# What's the correct reasoning behind solving the vanishing/exploding gradient problem in deep neural networks.?

I have read several blog posts where the solution to solve the vanishing/exploding gradient problem in a deep neural network is suggested to be using Relu activation function instead of tanH & sigmoid.

But, I have encountered an explanation by Prof. Andrew NG lecture that explains that a partial solution to the vanishing gradient problem is a better or more careful choice of the random initialization of weights in your neural network.

i.e the solution is:

To set the variance of Wi to be equal to 1/n, where n is the number of input features that are going into a neuron. Along with the assumption that the input features of activations are roughly mean 0 and standard variance 1. So, what it's doing is that it's trying to set each of the weight matrices w so that it's not too much bigger than 1 and not too much less than 1, therefore, it doesn't explode or vanish too quickly.

• So, if you are using a ReLu activation function then setting the variance of Wi to be equal to sqrt(2/n) works better**.
• and if you are using a TanH activation function then setting the variance of Wi to be equal to sqrt(2/n) works better.
• or in some cases, it's being suggested to use Xavier initialization
• Also, if we need we can tune of variance parameter as another hyperparameter by multiplying into the above formula and tune that multiplier as part of your hyperparameter search.

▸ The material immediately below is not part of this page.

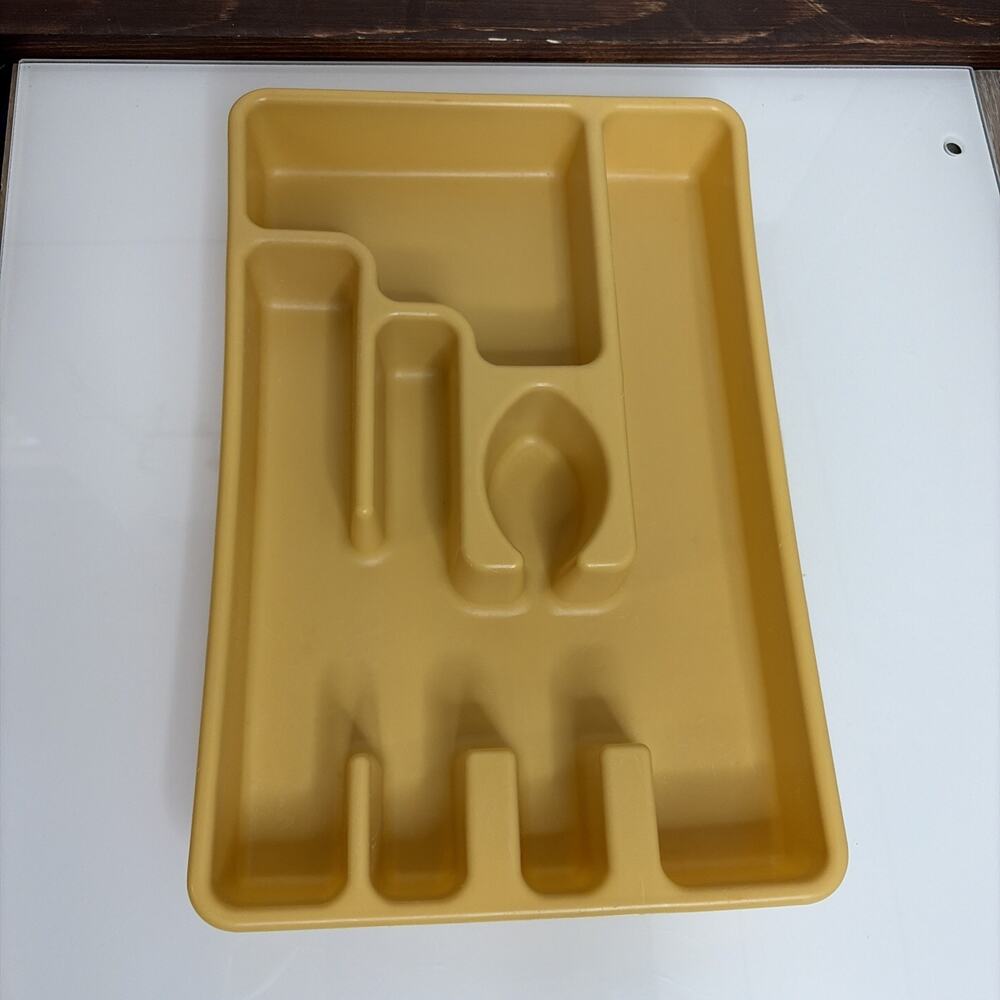 Vintage Rubbermaid Silverware Drawer Organizer Harvest Gold Made in USA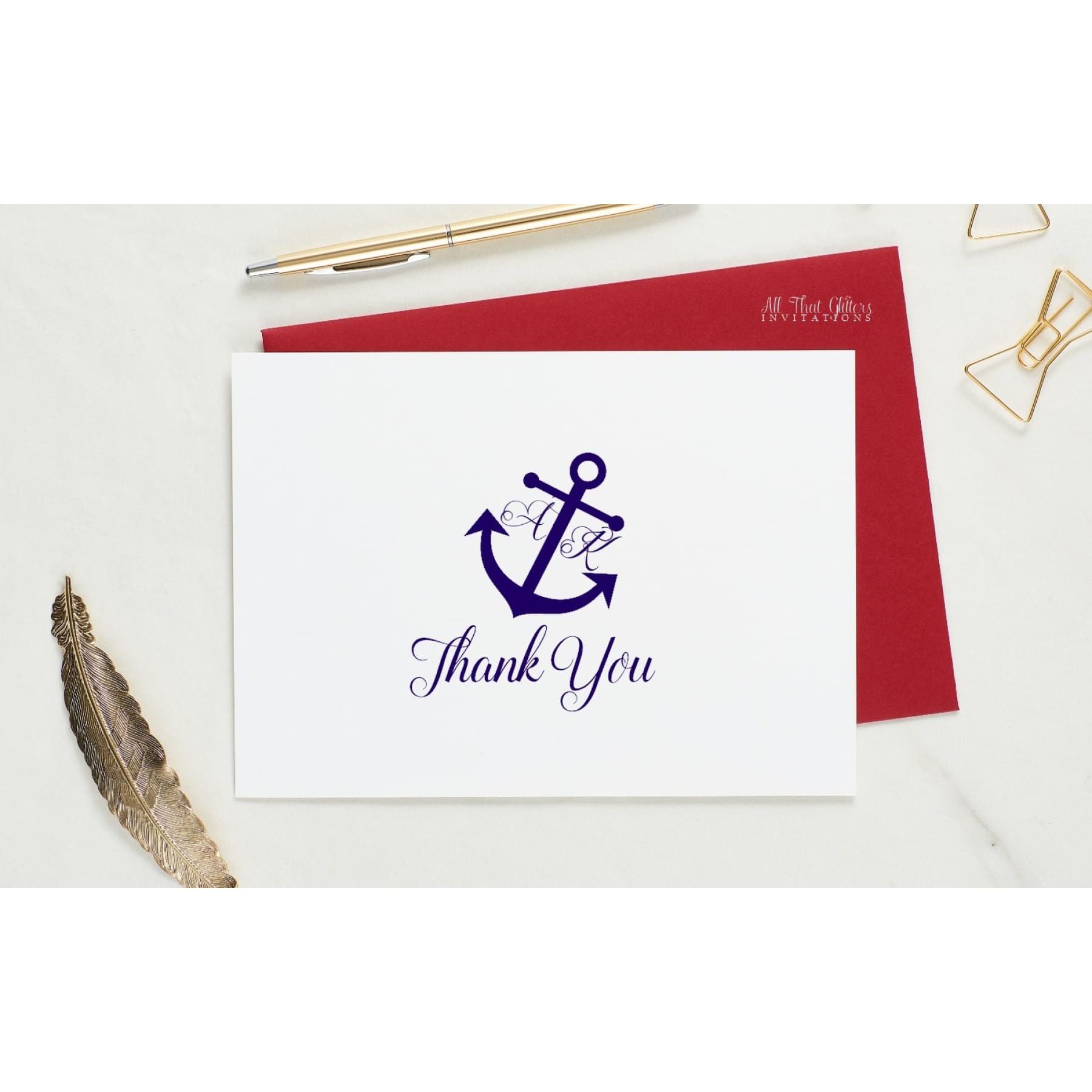 Folded Thank You Card, Ariana Style 1 - All That Glitters Invitations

Therefore, choosing a reasonable scaling for how to initialize the weights helps weights not to explode too quickly and not decay to zero too quickly, which in turn could help in training a reasonably deep network without the weights or the gradients exploding or vanishing too much and not simply using ReLu!. Please correct me if my understanding is wrong or incomplete!

I think the two aspects you mention are two faces of the same medal: if your weights are too high or low, the activation of a layer ends up being too high or low. If you use $$tanh(z)$$ or $$sigmoid(z)$$ as activation functions, you'll end up with values that will have a derivative almost to zero, and the gradient will vanish as it is back-propagated into the network. By using $$relu(z)$$, instead, you use a linear function for $$z>0$$ and therefore the derivative is constant as the activation grows. This helps the gradient which does not approach zero while it is back-propagated.
This works in every case: both if you use weights that are too high or too small. Tanh and sigmoid are similar in the sense that they are basically linear near $$z=0$$, but almost flat when $$|z|>>0$$, ReLU solves the problem in the latter case, because it becomes linear for any $$z>0$$.
On the other hand, another strategy is to prevent $$z$$ from being too large or too small, and therefore you attempt to keep it near the origin ($$z=0$$). In this way, both tanh and sigmoid are linear, as ReLU would have been for any $$z>0$$.